Given records.
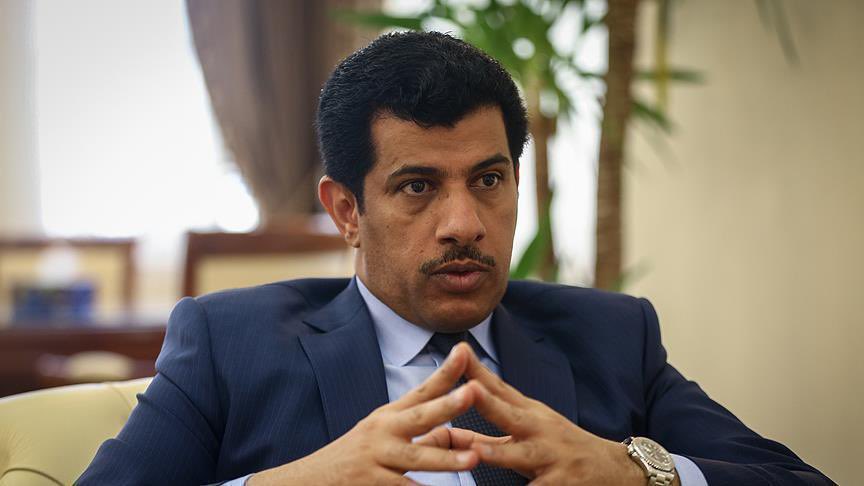 Ambassador of Qatar to Egypt: Working to Achieve Maximum Possible Rapprochement Between the Two Countries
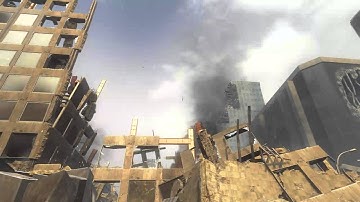 Spawn S&D Combat Axe - Aftermath (Black Ops 2)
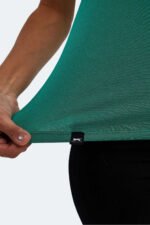 Slazenger VIVEK Kadın Tişört Yeşil - Görsel 5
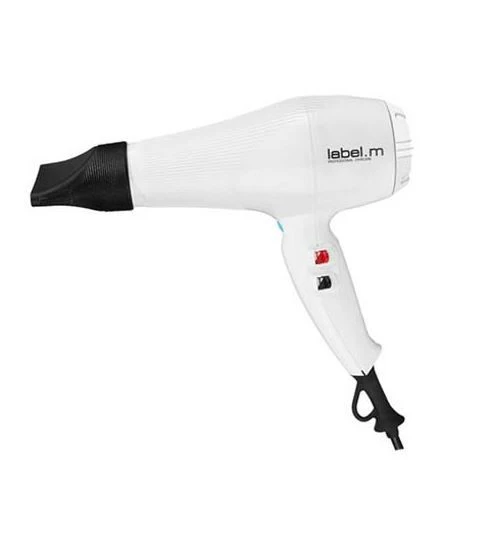 Label.m Tourmaline Dryer White 1 Label.m Tourmaline Dryer White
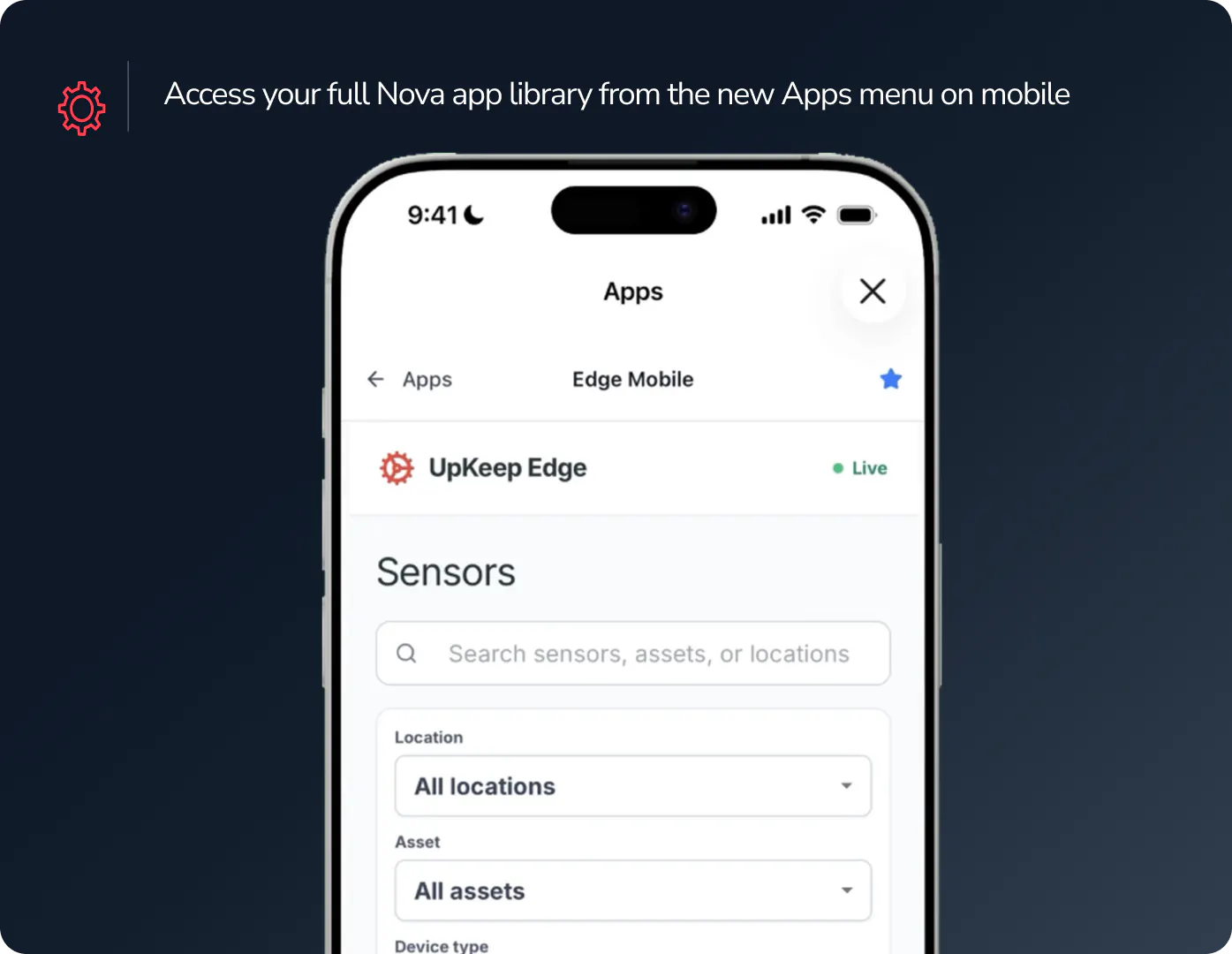 Nova Apps Go Mobile: Your Custom Tools, Ready in the Field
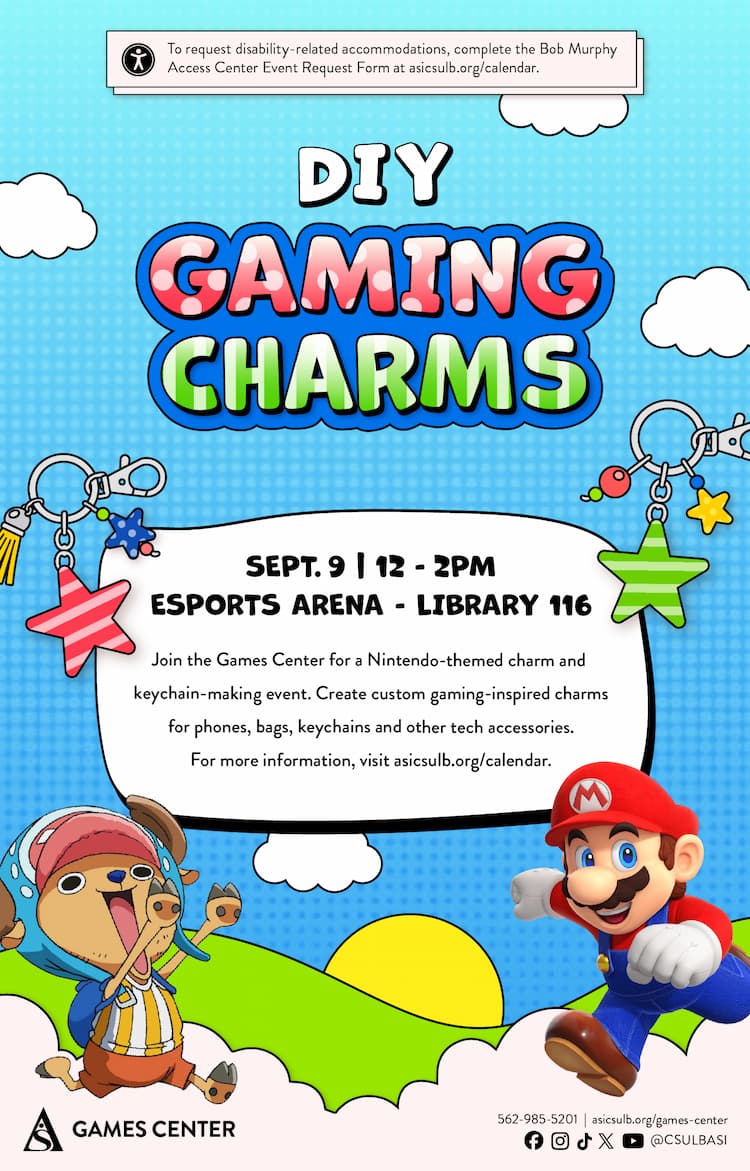 Event Flier
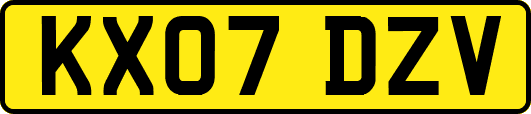 KX07DZV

Your instructions. Reproduce, exactly and with no pictures, the lines from the line containing "Nova Apps Go" through the closing line of the data above, keeping both ends.

Solved exercise.
 Nova Apps Go Mobile: Your Custom Tools, Ready in the Field
 Event Flier
 KX07DZV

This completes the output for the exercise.